Pepperstone, marginally. Both charge A$3.50 per side on MT4/MT5, but Pepperstone’s tighter spread (0.09 vs 0.12 pips EUR/USD) gives it a lower all-in cost — roughly A$7.80 per round trip versus about A$8.10 at Eightcap. Pepperstone also offers cTrader at A$3.00/side and an Active Trader rebate. For crypto, however, Eightcap’s pricing and range are stronger.
Eightcap. It is a crypto-first broker with 250+ crypto CFDs — the deepest range we’ve tested — including many altcoins not found at most brokers. You trade them as CFDs within an ASIC-regulated environment, so you get leverage without needing a crypto wallet. Pepperstone offers crypto too, but a much smaller selection. For crypto-focused traders, Eightcap is the clear choice.
No. Pepperstone offers cTrader with depth of market and cAlgo automation. Eightcap offers MT4, MT5, TradingView, TradeLocker and Capitalise.ai, but not cTrader. If cTrader is essential to you, Pepperstone is the only option of the two. If you prefer MetaTrader plus TradingView and AI automation, Eightcap covers that well.

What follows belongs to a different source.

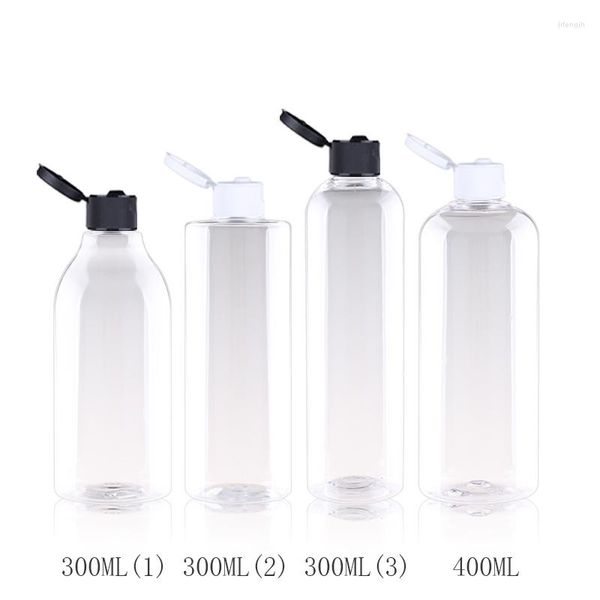 Bottiglie di stoccaggio 300ML 400ML X 20 Bottiglia di plastica trasparente Contenitore cosmetico vuoto con tappo a scatto Sapone liquido Shampoo Gel doccia PET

Pepperstone has no minimum deposit, though A$200 is sensible for practical position sizing. Eightcap requires A$100 for both its Standard and Raw accounts. Both are accessible; Pepperstone’s A$0 minimum is marginally more flexible for traders starting small.

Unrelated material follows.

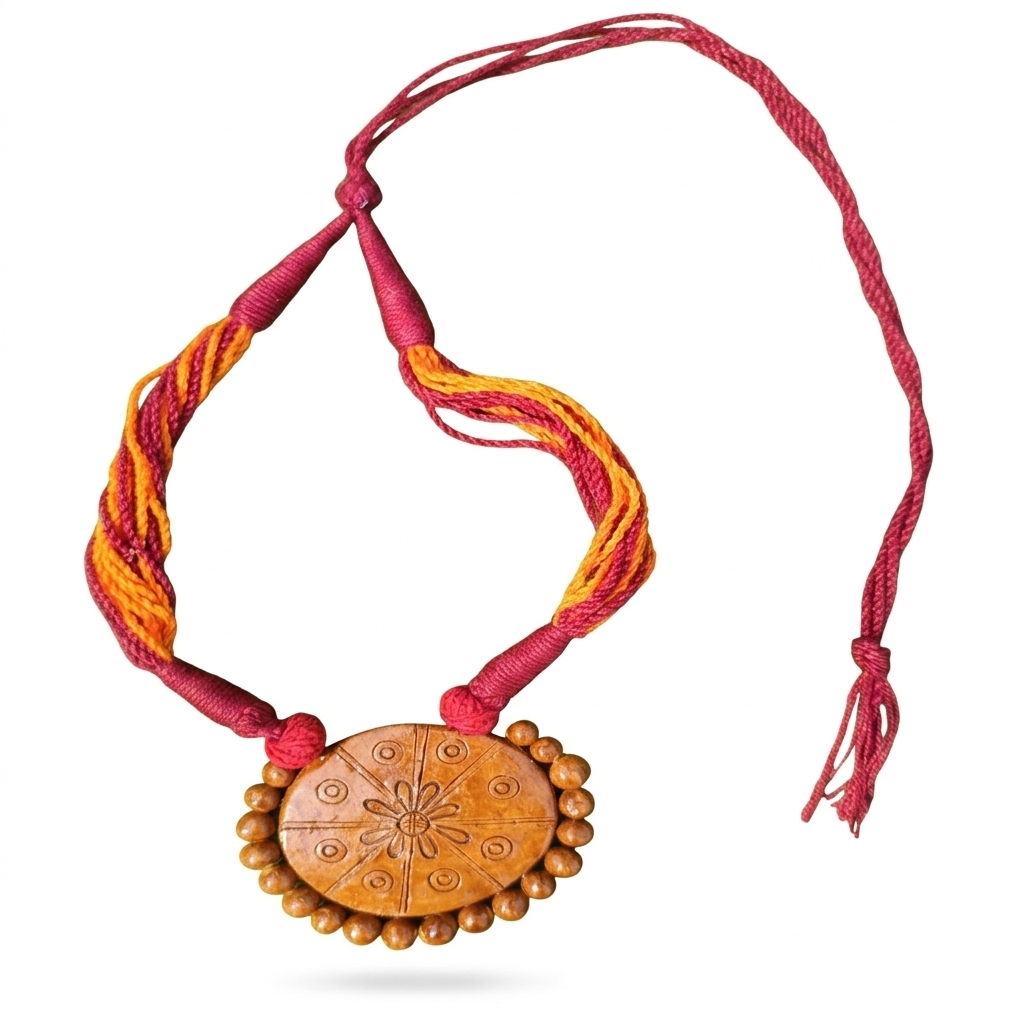 Hand-Etched Square Mandala Terracotta Necklace on Crimson Cord - View 4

Yes. Pepperstone (AFSL 414530) and Eightcap (AFSL 391441) are both ASIC-regulated with valid AFSLs you can verify on the ASIC Connect register. Both keep client funds segregated and provide negative balance protection. Pepperstone holds additional licences including the FCA, CySEC, BaFin and DFSA; Eightcap’s secondary licences (SCB, VFSC) are offshore. Australian retail traders should ensure they are onboarded under each broker’s ASIC entity.